Hi there Swedish - how did you come up with that name? Are you scandinavian

?
Anyways - thanks for clarifying your situation - I couldn't really respond appropriately until I understood where you were at. I am so HAPPY for you that you & your husband are growing stronger. Unfortunate as it may be through such a devestating situation but you sound like you are one of the "statistics" that will make it and that is GREAT news!!
Are you 2 going to counseling or working through it on your own? Did you find out about the other woman or did your husband come to you & confess. If it was the latter - that is a good sign that he has a good conscience & wanted to be honest with you & try to fix things before they got too out of hand. Does he still work with the other woman? If that is the case, how do you handle that - I would imagine that is very difficult.

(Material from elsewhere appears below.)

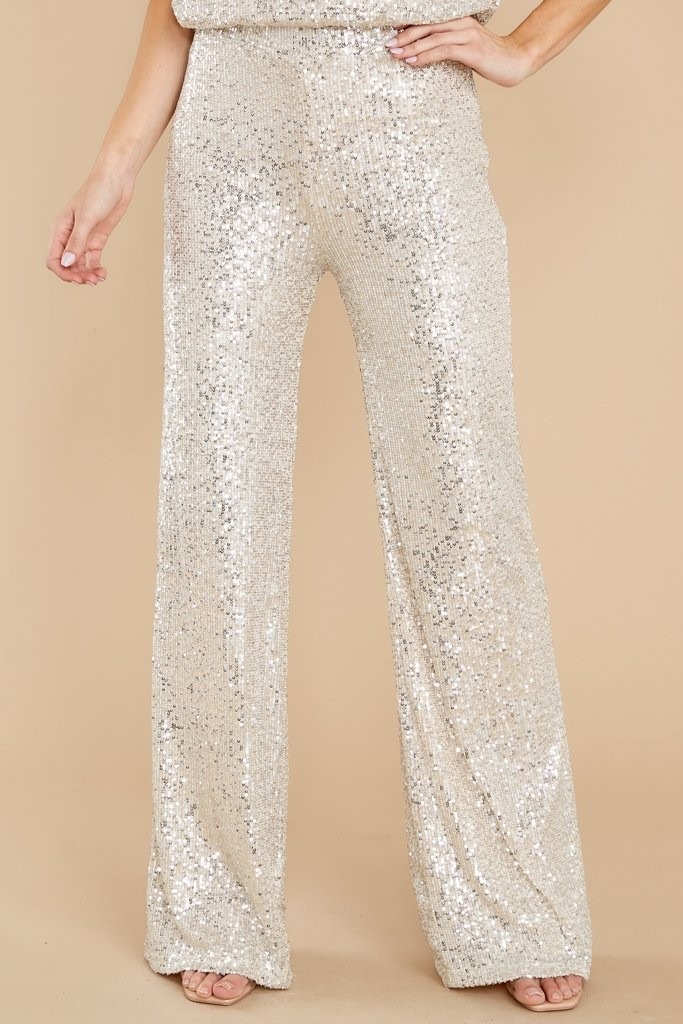 Like A Star Silver Sequin Pants | Red Dress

As I had mentioned previously, I had "hopes" that my husband would finally see the light once we seperated. I have thought about "what if we get back together" - how would I want things to be different & what could we do to make our marriage stronger. I was in that mind set up until a few weeks ago. I was thinking positively & had high hopes - I went on trusting him again & BAM got hurt again.
I guess if you/we don't risk, you/we would always wonder "what if" & might never know if you/we could have made it. We are ''risking" to possibly love again or we have to face that fact that we are also "risking" getting hurt again. Of course we are all hoping for the love a second time but it may just not be in the cards for us with that person. Same with you, you are risking by "trusting' your husband again, but at least he is showing signs & taking small steps to regain your trust.

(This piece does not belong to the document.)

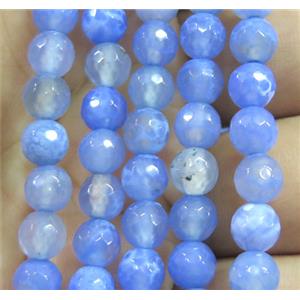 agate bead, faceted round, approx 6mm dia, 62pcs per st [GA1024]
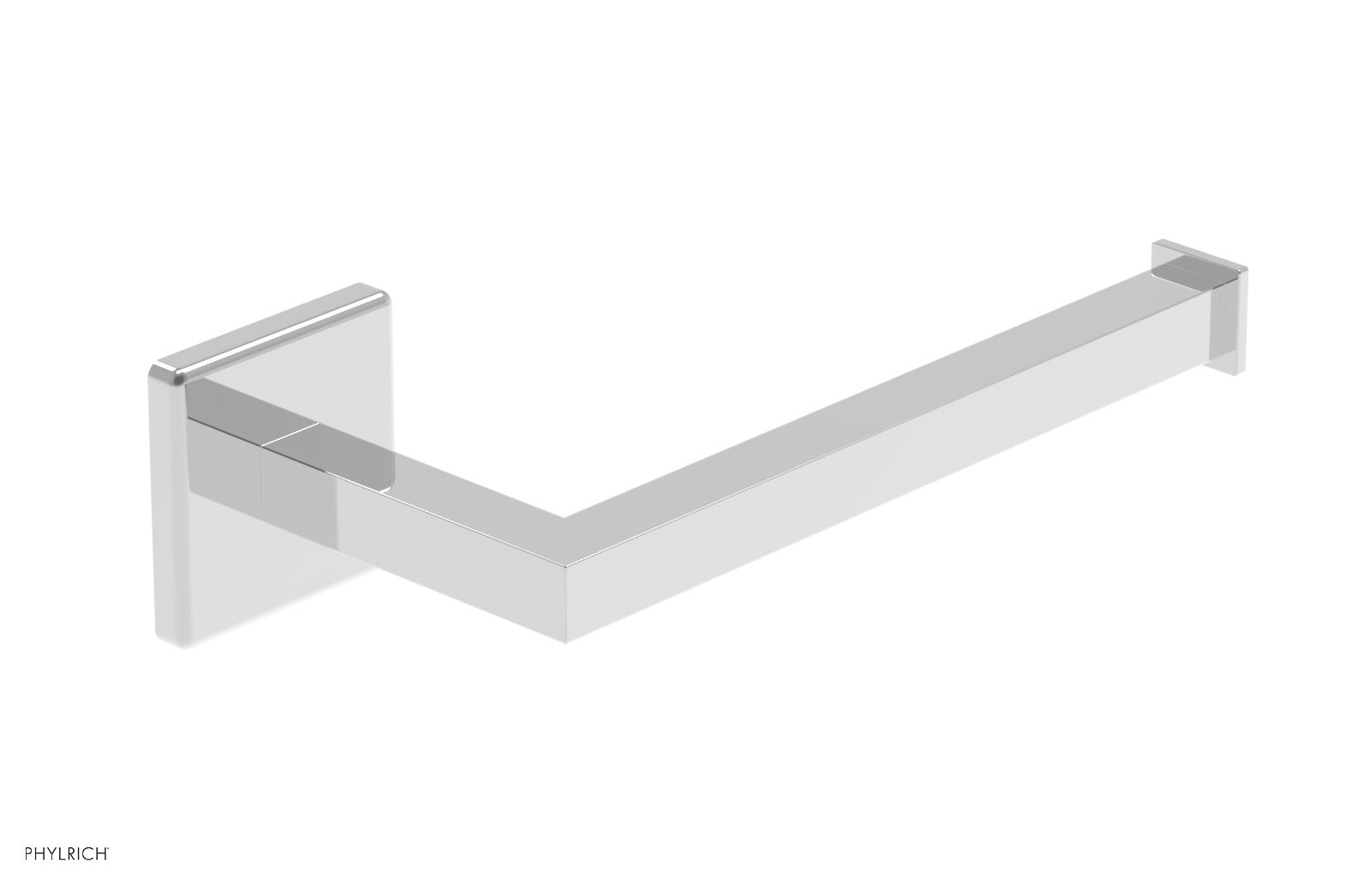 polished chrome towel bar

Like you mentioned about the "statistics" of 2nd marriages - they aren't so great. Not only did I not want to make a "rash" decision but felt I needed to exhaust all my options to save the marriage before I made any decisions. But in the back of my head, those statistics kept me thinking, that I better try to work on marriage #1 because statistically -it has a better chance. Not that I am even ready or even thinking of another relationship at this stage - it plays into consideration when you look at the picture as a whole. Before I get into another relationship, I need to take time now to "get to know me" again - "I" got lost in being a good wife, mother, employee and now need to figure out what I like & what I want to do.
I am hoping by going through this self - discovery process. When it is time to consider a new relationship I know who I am and most importantly what I want from a relationship & can voice those needs more clearly. I think too many people go from 1 relationship to the other without doing that self - discovery process inbetween & fall into the same issues that plagued their 1st relationship.
How do you feel you ensured that you were ready for marriage #2? What did you do differently this time?
You & your husband will be in my thoughts & hopefully can be an inspiration to many people on this site that with lots of hard work & determination - you can recover from infidelity.